Gabriel García Márquez was born on 6 March 1927[b] in the small town of Aracataca, in the
Caribbean region of Colombia, to Gabriel Eligio García and Luisa Santiaga Márquez Iguarán.
[6] Soon after García Márquez was born, his father became a pharmacist and moved with his
wife to the nearby large port city of Barranquilla, leaving young Gabriel in Aracataca.[7] He
was raised by his maternal grandparents, Doña Tranquilina Iguarán and Colonel Nicolás
Ricardo Márquez Mejía.[8] In December 1936 his father took him and his brother to Sincé but
when his grandfather died in March 1937, the family moved first (back) to Barranquilla and
then on to Sucre, where his father started a pharmacy.[9]
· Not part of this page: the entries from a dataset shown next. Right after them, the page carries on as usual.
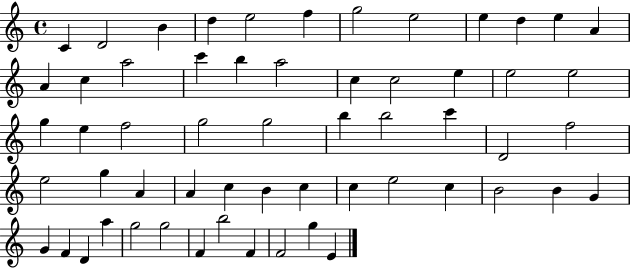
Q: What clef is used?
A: treble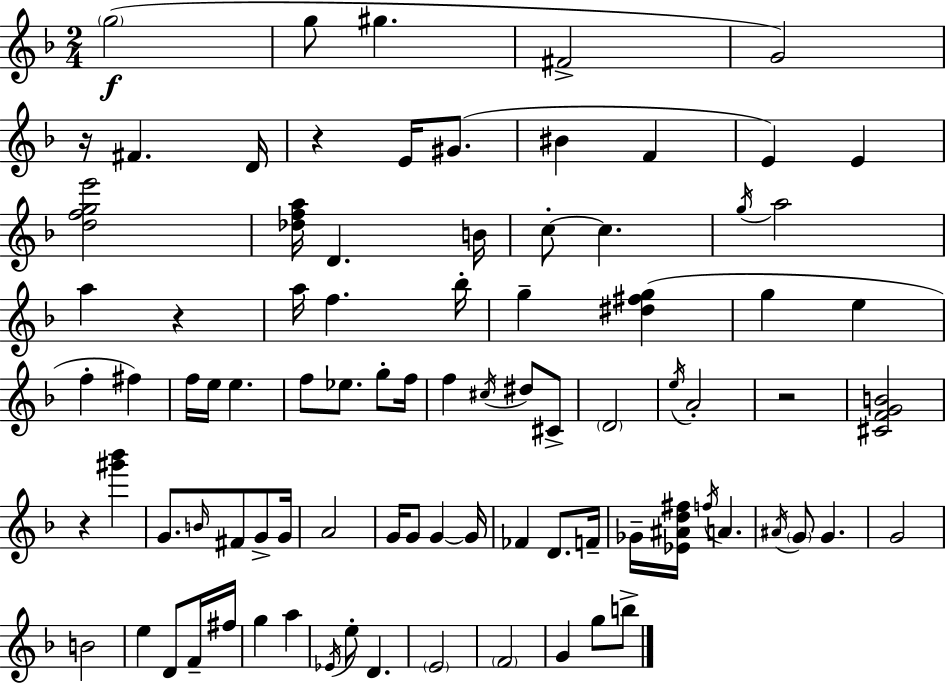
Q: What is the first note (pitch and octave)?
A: G5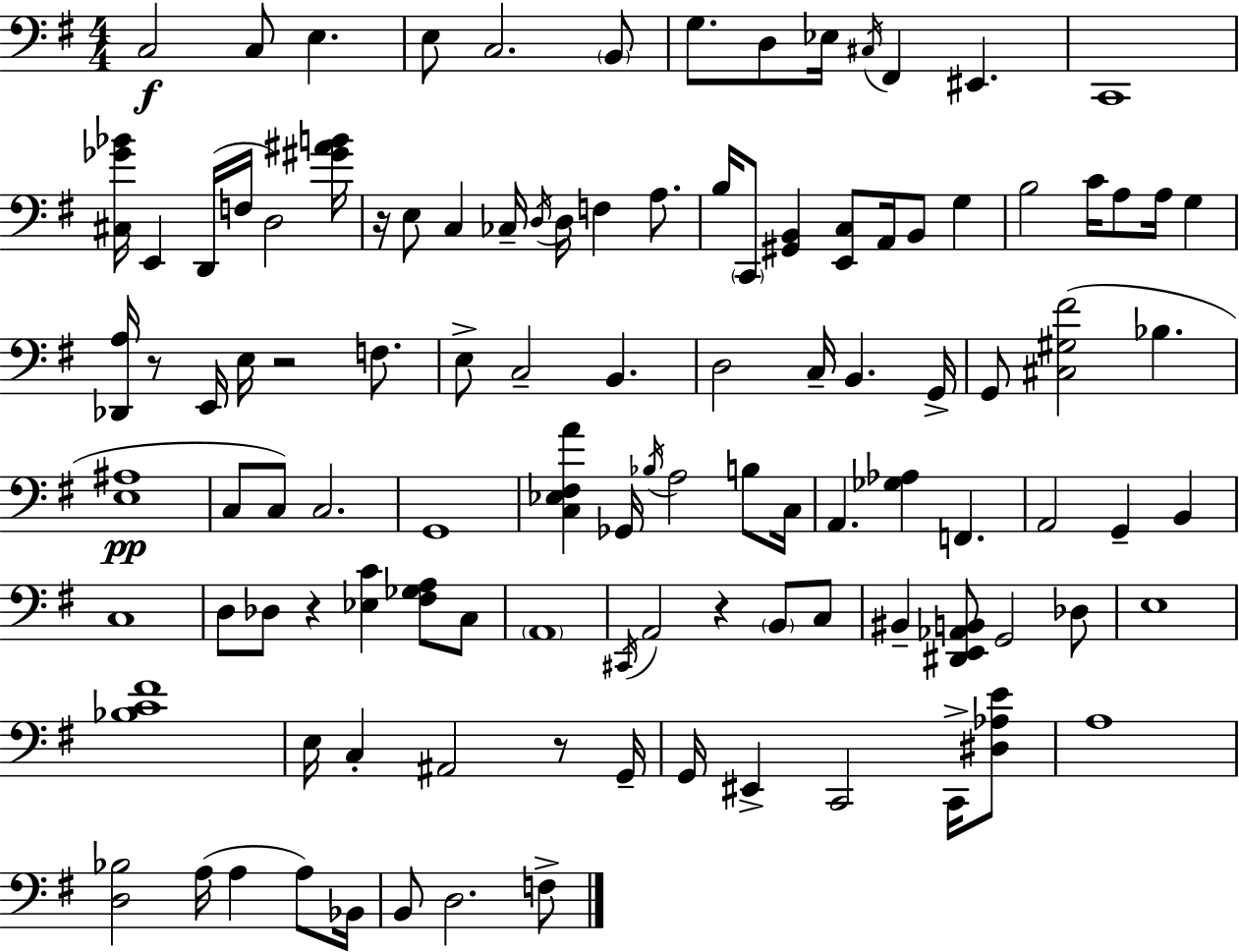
X:1
T:Untitled
M:4/4
L:1/4
K:Em
C,2 C,/2 E, E,/2 C,2 B,,/2 G,/2 D,/2 _E,/4 ^C,/4 ^F,, ^E,, C,,4 [^C,_G_B]/4 E,, D,,/4 F,/4 D,2 [^G^AB]/4 z/4 E,/2 C, _C,/4 D,/4 D,/4 F, A,/2 B,/4 C,,/2 [^G,,B,,] [E,,C,]/2 A,,/4 B,,/2 G, B,2 C/4 A,/2 A,/4 G, [_D,,A,]/4 z/2 E,,/4 E,/4 z2 F,/2 E,/2 C,2 B,, D,2 C,/4 B,, G,,/4 G,,/2 [^C,^G,^F]2 _B, [E,^A,]4 C,/2 C,/2 C,2 G,,4 [C,_E,^F,A] _G,,/4 _B,/4 A,2 B,/2 C,/4 A,, [_G,_A,] F,, A,,2 G,, B,, C,4 D,/2 _D,/2 z [_E,C] [^F,_G,A,]/2 C,/2 A,,4 ^C,,/4 A,,2 z B,,/2 C,/2 ^B,, [^D,,E,,_A,,B,,]/2 G,,2 _D,/2 E,4 [_B,C^F]4 E,/4 C, ^A,,2 z/2 G,,/4 G,,/4 ^E,, C,,2 C,,/4 [^D,_A,E]/2 A,4 [D,_B,]2 A,/4 A, A,/2 _B,,/4 B,,/2 D,2 F,/2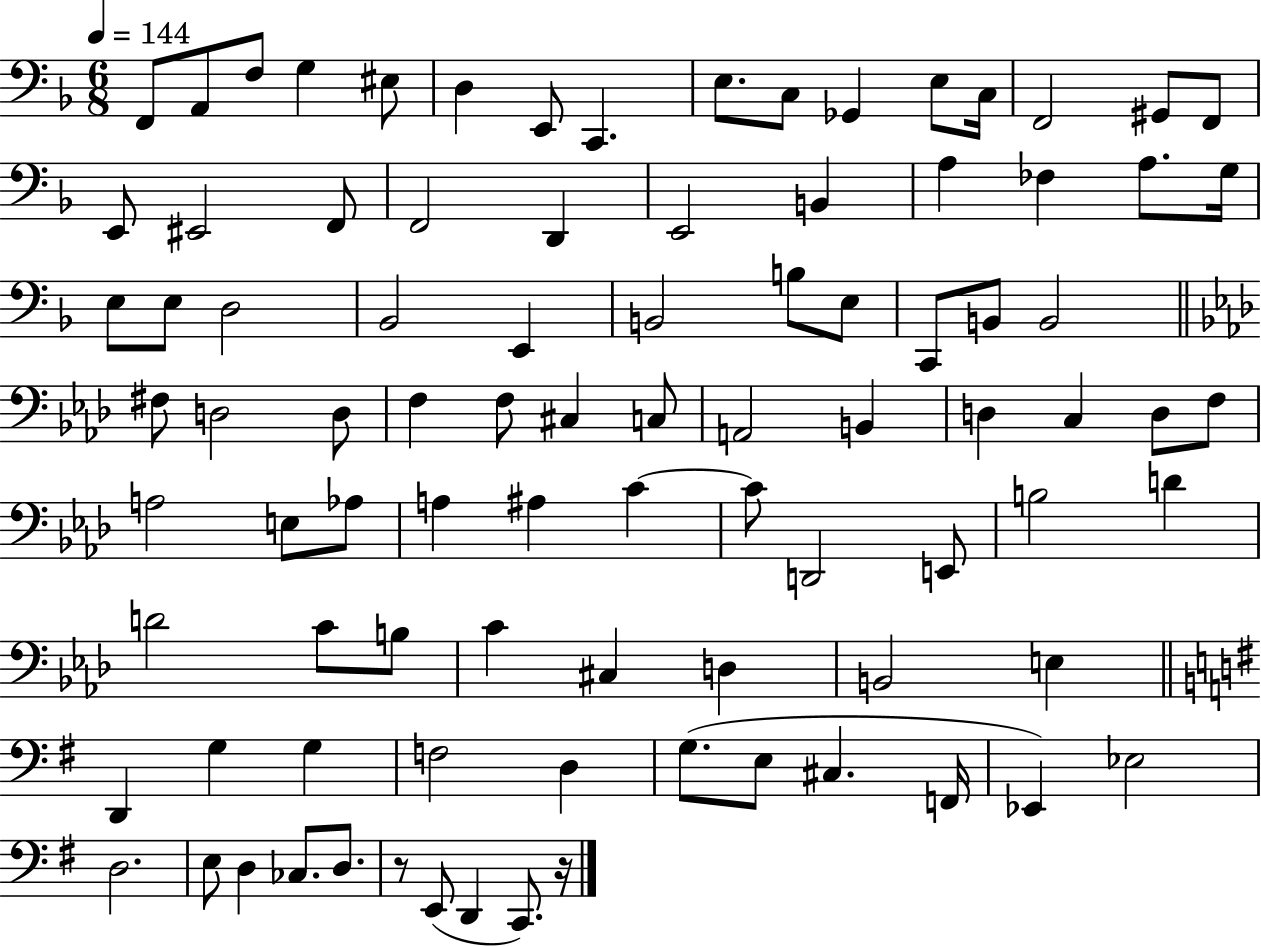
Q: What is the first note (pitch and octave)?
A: F2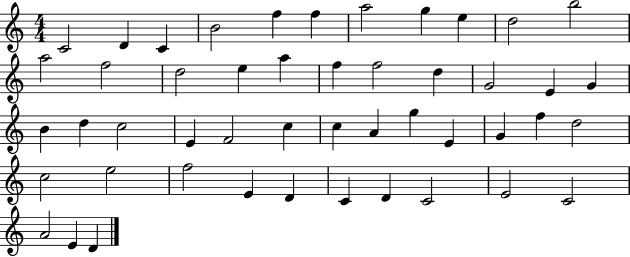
C4/h D4/q C4/q B4/h F5/q F5/q A5/h G5/q E5/q D5/h B5/h A5/h F5/h D5/h E5/q A5/q F5/q F5/h D5/q G4/h E4/q G4/q B4/q D5/q C5/h E4/q F4/h C5/q C5/q A4/q G5/q E4/q G4/q F5/q D5/h C5/h E5/h F5/h E4/q D4/q C4/q D4/q C4/h E4/h C4/h A4/h E4/q D4/q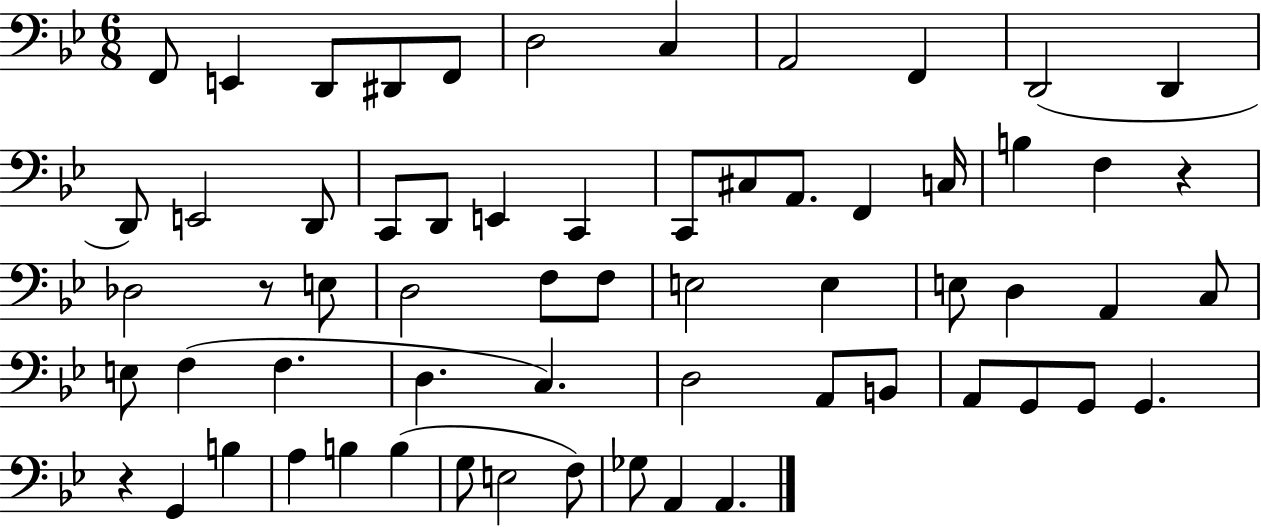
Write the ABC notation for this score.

X:1
T:Untitled
M:6/8
L:1/4
K:Bb
F,,/2 E,, D,,/2 ^D,,/2 F,,/2 D,2 C, A,,2 F,, D,,2 D,, D,,/2 E,,2 D,,/2 C,,/2 D,,/2 E,, C,, C,,/2 ^C,/2 A,,/2 F,, C,/4 B, F, z _D,2 z/2 E,/2 D,2 F,/2 F,/2 E,2 E, E,/2 D, A,, C,/2 E,/2 F, F, D, C, D,2 A,,/2 B,,/2 A,,/2 G,,/2 G,,/2 G,, z G,, B, A, B, B, G,/2 E,2 F,/2 _G,/2 A,, A,,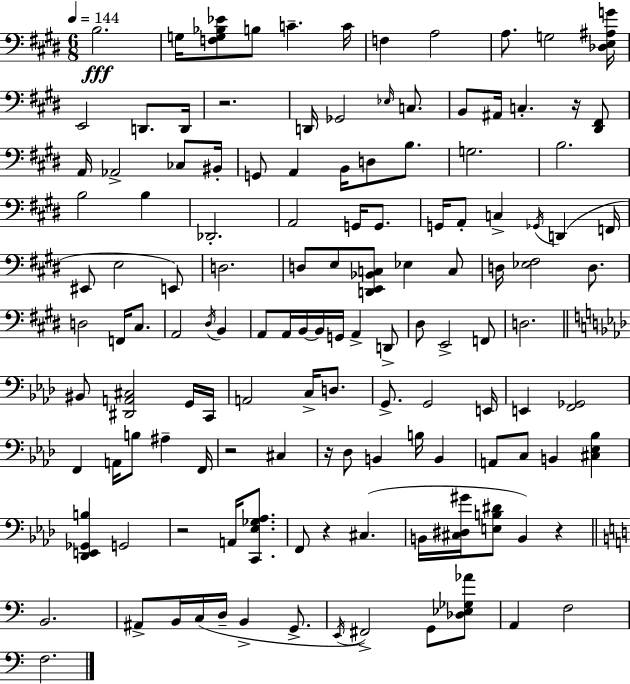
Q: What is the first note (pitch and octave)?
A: B3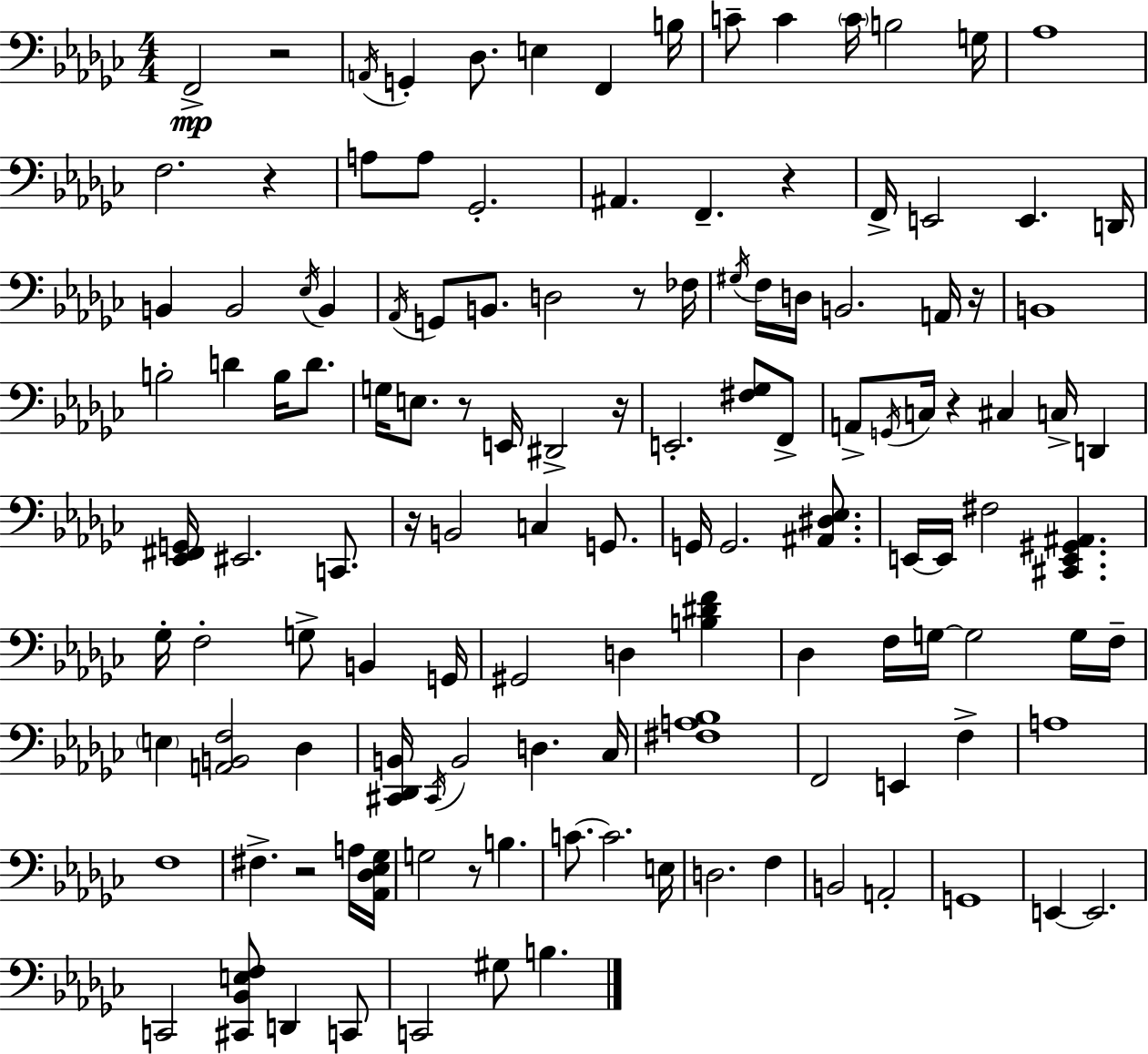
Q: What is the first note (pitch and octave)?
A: F2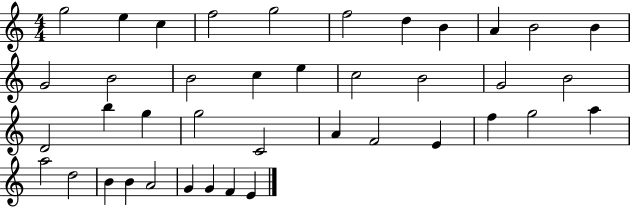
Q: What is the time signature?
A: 4/4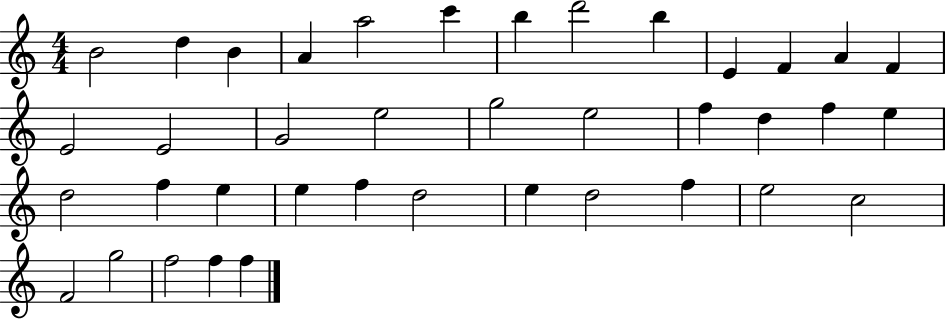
{
  \clef treble
  \numericTimeSignature
  \time 4/4
  \key c \major
  b'2 d''4 b'4 | a'4 a''2 c'''4 | b''4 d'''2 b''4 | e'4 f'4 a'4 f'4 | \break e'2 e'2 | g'2 e''2 | g''2 e''2 | f''4 d''4 f''4 e''4 | \break d''2 f''4 e''4 | e''4 f''4 d''2 | e''4 d''2 f''4 | e''2 c''2 | \break f'2 g''2 | f''2 f''4 f''4 | \bar "|."
}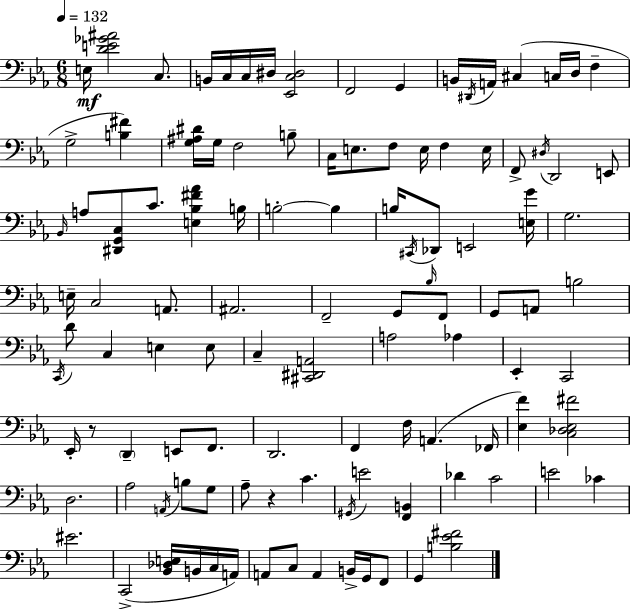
E3/s [D4,E4,Gb4,A#4]/h C3/e. B2/s C3/s C3/s D#3/s [Eb2,C3,D#3]/h F2/h G2/q B2/s D#2/s A2/s C#3/q C3/s D3/s F3/q G3/h [B3,F#4]/q [G3,A#3,D#4]/s G3/s F3/h B3/e C3/s E3/e. F3/e E3/s F3/q E3/s F2/e D#3/s D2/h E2/e Bb2/s A3/e [D#2,G2,C3]/e C4/e. [E3,Bb3,F#4,Ab4]/q B3/s B3/h B3/q B3/s C#2/s Db2/e E2/h [E3,G4]/s G3/h. E3/s C3/h A2/e. A#2/h. F2/h G2/e Bb3/s F2/e G2/e A2/e B3/h C2/s D4/e C3/q E3/q E3/e C3/q [C#2,D#2,A2]/h A3/h Ab3/q Eb2/q C2/h Eb2/s R/e D2/q E2/e F2/e. D2/h. F2/q F3/s A2/q. FES2/s [Eb3,F4]/q [C3,Db3,Eb3,F#4]/h D3/h. Ab3/h A2/s B3/e G3/e Ab3/e R/q C4/q. G#2/s E4/h [F2,B2]/q Db4/q C4/h E4/h CES4/q EIS4/h. C2/h [Bb2,Db3,E3]/s B2/s C3/s A2/s A2/e C3/e A2/q B2/s G2/s F2/e G2/q [B3,Eb4,F#4]/h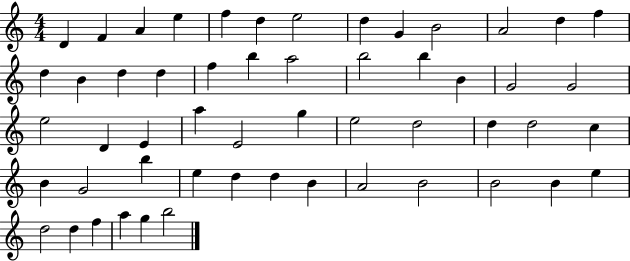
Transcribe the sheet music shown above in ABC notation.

X:1
T:Untitled
M:4/4
L:1/4
K:C
D F A e f d e2 d G B2 A2 d f d B d d f b a2 b2 b B G2 G2 e2 D E a E2 g e2 d2 d d2 c B G2 b e d d B A2 B2 B2 B e d2 d f a g b2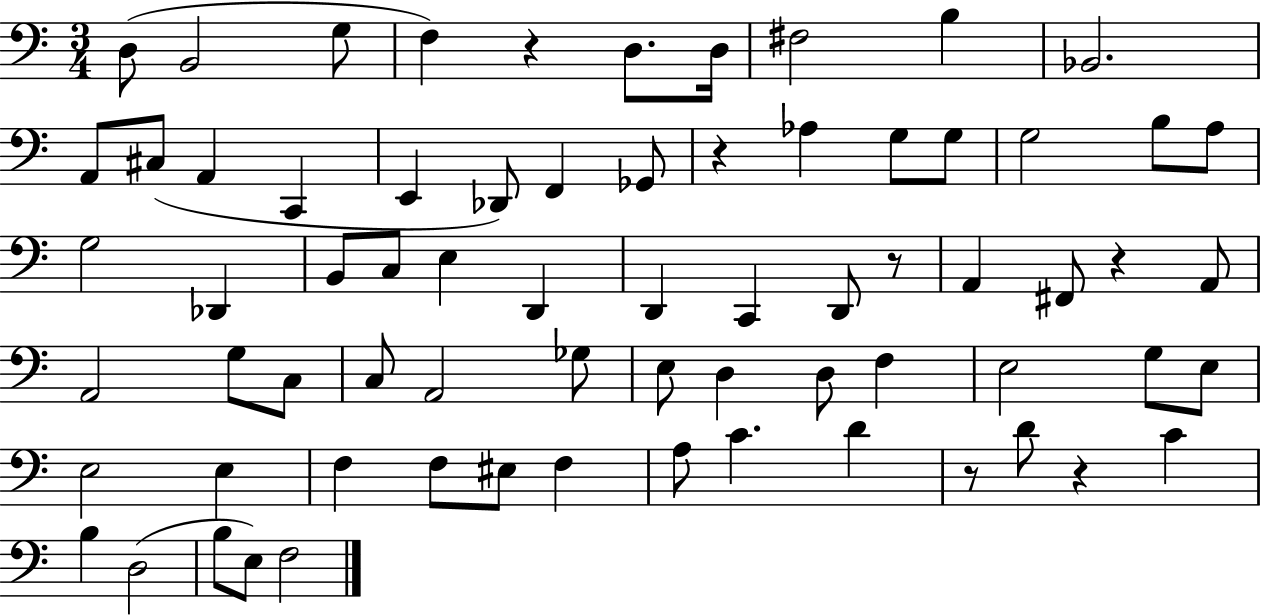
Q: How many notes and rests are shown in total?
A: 70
When his parents had fallen in love, their relationship was met with resistance from Luisa
Santiaga Márquez's father, the Colonel. Gabriel Eligio García was not the man the Colonel
had envisioned winning the heart of his daughter: Gabriel Eligio was a Conservative, and had
the reputation of being a womanizer.[10][11] Gabriel Eligio wooed Luisa with violin
serenades, love poems, countless letters, and even telephone messages after her father sent her
away with the intention of separating the young couple. Her parents tried everything to get rid
of the man, but he kept coming back, and it was obvious their daughter was committed to
him.[10] Her family finally capitulated and gave her permission to marry him[12][13] (The
tragicomic story of their courtship would later be adapted and recast as Love in the Time of
Cholera.)[11][14]

Since García Márquez's parents were more or less strangers to him for the first few years of
his life,[15] his grandparents influenced his early development very strongly.[16][17] His
grandfather, whom he called "Papalelo",[16] was a Liberal veteran of the Thousand Days
War.[18] The Colonel was considered a hero by Colombian Liberals and was highly
respected.[19] He was well known for his refusal to remain silent about the banana massacres
that took place the year after García Márquez was born.[20] The Colonel, whom García
Márquez described as his "umbilical cord with history and reality",[21] was also an excellent
storyteller.[22] He taught García Márquez lessons from the dictionary, took him to the circus
each year, and was the first to introduce his grandson to ice—a "miracle" found at the United
Fruit Company store.[23] He would also occasionally tell his young grandson "You can't
imagine how much a dead man weighs", reminding him that there was no greater burden than
to have killed a man, a lesson that García Márquez would later integrate into his novels.[24]
[25]
García Márquez's grandmother, Doña Tranquilina Iguarán Cotes, played an influential role in
his upbringing. He was inspired by the way she "treated the extraordinary as something
perfectly natural."[26] The house was filled with stories of ghosts and premonitions, omens
and portents,[27] all of which were studiously ignored by her husband.[16] According to
García Márquez, she was "the source of the magical, superstitious and supernatural view of
reality".[21] He enjoyed his grandmother's unique way of telling stories. No matter how
fantastic or improbable her statements, she always delivered them as if they were the
irrefutable truth. It was a deadpan style that, some thirty years later, heavily influenced her
grandson's most popular novel, One Hundred Years of Solitude.[28]